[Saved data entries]
=== Begin Enclosure ===
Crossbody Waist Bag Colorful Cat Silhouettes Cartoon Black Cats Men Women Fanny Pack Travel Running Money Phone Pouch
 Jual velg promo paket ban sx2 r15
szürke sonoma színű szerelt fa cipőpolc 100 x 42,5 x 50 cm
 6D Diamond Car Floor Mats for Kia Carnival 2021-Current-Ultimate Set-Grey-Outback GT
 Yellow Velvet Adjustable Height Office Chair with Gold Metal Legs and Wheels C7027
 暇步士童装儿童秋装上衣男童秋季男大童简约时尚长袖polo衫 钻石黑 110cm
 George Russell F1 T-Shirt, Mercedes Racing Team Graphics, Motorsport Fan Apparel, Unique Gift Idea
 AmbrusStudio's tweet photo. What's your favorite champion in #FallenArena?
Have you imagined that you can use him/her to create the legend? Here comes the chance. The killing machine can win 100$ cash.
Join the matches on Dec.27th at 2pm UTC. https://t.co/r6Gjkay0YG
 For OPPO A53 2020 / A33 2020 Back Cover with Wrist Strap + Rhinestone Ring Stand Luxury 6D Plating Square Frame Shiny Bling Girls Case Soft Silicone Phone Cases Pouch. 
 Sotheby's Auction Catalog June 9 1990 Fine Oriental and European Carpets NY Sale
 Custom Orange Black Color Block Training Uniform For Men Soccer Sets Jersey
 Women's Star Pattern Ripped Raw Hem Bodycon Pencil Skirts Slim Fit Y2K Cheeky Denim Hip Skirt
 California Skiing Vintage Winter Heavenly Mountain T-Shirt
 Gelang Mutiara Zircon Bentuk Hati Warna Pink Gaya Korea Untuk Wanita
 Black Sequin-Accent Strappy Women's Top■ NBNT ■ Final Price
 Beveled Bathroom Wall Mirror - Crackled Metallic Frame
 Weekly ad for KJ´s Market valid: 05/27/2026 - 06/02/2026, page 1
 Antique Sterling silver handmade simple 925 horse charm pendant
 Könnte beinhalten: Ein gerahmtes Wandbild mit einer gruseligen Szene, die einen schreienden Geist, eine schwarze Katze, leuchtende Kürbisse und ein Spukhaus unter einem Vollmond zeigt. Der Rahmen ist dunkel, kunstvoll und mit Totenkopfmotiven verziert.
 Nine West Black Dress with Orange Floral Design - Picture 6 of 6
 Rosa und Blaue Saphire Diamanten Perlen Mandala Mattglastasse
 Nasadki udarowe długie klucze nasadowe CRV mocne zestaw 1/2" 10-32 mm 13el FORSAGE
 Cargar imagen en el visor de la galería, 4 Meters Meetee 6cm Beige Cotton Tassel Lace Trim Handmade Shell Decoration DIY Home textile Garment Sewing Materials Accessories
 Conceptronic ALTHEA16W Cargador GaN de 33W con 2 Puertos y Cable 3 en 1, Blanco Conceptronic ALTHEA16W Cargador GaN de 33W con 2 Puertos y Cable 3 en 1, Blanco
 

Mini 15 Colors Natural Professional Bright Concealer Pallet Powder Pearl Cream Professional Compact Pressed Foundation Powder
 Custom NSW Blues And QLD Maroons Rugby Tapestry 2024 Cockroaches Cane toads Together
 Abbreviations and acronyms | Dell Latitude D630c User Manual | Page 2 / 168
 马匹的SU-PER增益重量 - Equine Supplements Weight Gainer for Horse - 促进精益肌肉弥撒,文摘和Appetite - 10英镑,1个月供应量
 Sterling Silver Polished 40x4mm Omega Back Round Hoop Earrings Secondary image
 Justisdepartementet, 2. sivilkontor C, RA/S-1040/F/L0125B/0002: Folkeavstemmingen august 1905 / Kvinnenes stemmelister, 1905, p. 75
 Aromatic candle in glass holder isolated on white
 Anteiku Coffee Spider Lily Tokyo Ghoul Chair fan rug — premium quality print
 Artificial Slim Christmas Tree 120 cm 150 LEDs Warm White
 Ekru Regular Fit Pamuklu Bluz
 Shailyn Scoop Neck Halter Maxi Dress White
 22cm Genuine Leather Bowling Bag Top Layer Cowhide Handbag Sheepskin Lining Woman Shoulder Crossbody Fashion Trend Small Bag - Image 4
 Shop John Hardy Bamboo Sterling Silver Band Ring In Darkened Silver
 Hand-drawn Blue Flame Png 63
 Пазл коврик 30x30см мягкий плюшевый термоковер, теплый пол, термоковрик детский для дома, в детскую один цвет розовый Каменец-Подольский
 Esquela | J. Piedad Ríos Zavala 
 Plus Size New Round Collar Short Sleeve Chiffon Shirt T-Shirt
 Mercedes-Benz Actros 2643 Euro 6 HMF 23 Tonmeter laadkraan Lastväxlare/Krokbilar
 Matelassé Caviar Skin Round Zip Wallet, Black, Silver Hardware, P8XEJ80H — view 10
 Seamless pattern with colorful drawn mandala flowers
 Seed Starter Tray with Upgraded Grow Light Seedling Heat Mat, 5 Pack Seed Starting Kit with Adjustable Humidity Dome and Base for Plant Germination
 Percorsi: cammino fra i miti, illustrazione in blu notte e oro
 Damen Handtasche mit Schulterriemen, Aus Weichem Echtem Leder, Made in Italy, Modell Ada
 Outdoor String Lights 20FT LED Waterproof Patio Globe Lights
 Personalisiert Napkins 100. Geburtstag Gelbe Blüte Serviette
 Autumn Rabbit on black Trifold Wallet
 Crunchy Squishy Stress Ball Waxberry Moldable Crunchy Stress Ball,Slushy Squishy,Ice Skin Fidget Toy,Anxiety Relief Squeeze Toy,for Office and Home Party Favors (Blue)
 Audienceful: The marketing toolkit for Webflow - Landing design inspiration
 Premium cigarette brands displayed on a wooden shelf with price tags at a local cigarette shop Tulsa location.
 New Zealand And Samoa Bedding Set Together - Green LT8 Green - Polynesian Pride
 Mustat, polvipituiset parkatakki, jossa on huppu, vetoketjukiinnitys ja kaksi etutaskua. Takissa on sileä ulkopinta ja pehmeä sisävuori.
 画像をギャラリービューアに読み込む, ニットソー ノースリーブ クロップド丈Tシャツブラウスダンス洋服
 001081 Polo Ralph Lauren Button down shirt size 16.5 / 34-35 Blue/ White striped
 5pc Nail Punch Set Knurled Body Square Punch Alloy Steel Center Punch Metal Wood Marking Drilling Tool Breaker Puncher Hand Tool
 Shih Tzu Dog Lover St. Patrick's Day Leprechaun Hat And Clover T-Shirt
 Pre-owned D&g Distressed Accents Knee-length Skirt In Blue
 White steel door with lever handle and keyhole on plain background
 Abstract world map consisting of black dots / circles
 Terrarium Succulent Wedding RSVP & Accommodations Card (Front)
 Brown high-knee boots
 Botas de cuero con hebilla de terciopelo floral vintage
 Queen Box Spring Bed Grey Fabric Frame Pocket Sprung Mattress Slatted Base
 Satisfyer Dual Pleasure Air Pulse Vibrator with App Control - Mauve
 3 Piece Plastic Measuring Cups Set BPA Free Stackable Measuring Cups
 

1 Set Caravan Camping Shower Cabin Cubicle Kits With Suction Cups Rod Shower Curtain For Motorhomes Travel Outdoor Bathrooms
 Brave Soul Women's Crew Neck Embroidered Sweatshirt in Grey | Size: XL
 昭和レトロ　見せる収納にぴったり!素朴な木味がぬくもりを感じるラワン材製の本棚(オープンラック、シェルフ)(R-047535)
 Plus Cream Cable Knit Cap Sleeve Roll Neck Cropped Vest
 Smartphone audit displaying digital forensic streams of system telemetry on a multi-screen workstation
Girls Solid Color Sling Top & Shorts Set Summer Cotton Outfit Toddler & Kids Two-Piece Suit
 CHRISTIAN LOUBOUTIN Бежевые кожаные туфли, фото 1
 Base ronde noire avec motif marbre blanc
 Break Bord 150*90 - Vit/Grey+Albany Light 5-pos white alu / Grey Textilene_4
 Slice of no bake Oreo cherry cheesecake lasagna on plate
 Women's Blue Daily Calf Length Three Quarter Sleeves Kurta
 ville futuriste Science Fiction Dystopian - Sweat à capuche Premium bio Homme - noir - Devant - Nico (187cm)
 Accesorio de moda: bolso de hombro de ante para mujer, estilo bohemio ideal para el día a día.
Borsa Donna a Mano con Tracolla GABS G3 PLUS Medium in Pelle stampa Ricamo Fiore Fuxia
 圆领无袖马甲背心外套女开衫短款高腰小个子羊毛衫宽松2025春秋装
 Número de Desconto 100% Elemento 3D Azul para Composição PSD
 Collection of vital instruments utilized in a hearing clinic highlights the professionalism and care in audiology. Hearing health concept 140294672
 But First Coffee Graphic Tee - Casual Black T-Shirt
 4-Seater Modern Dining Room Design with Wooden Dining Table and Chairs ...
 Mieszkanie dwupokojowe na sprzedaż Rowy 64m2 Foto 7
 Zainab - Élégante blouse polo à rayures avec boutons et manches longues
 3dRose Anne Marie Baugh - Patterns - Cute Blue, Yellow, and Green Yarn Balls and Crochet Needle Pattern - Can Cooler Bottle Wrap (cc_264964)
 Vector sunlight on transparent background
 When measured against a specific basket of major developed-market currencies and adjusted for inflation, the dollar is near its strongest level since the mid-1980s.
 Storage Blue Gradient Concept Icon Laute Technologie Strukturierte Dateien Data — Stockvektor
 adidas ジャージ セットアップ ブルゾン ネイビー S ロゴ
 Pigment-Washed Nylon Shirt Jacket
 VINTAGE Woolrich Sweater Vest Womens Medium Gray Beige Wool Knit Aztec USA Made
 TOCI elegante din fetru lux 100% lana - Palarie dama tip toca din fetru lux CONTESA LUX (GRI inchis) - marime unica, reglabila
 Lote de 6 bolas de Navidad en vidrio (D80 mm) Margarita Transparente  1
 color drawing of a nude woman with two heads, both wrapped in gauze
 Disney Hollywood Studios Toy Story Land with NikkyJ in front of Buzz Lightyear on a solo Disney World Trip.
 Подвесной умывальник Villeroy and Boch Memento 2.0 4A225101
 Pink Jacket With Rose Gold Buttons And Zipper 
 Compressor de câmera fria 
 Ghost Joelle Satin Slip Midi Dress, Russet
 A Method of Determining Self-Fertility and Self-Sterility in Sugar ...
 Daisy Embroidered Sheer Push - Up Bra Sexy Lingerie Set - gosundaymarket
=== End Enclosure ===
◆ What is expected ◆
Retype only the lines above between the line with "Accesorio de moda: bolso" and the line with "Número de Desconto", counting those two lines as well, and keep every character as it is.

◆ Task output ◆
 Accesorio de moda: bolso de hombro de ante para mujer, estilo bohemio ideal para el día a día.
Borsa Donna a Mano con Tracolla GABS G3 PLUS Medium in Pelle stampa Ricamo Fiore Fuxia
 圆领无袖马甲背心外套女开衫短款高腰小个子羊毛衫宽松2025春秋装
 Número de Desconto 100% Elemento 3D Azul para Composição PSD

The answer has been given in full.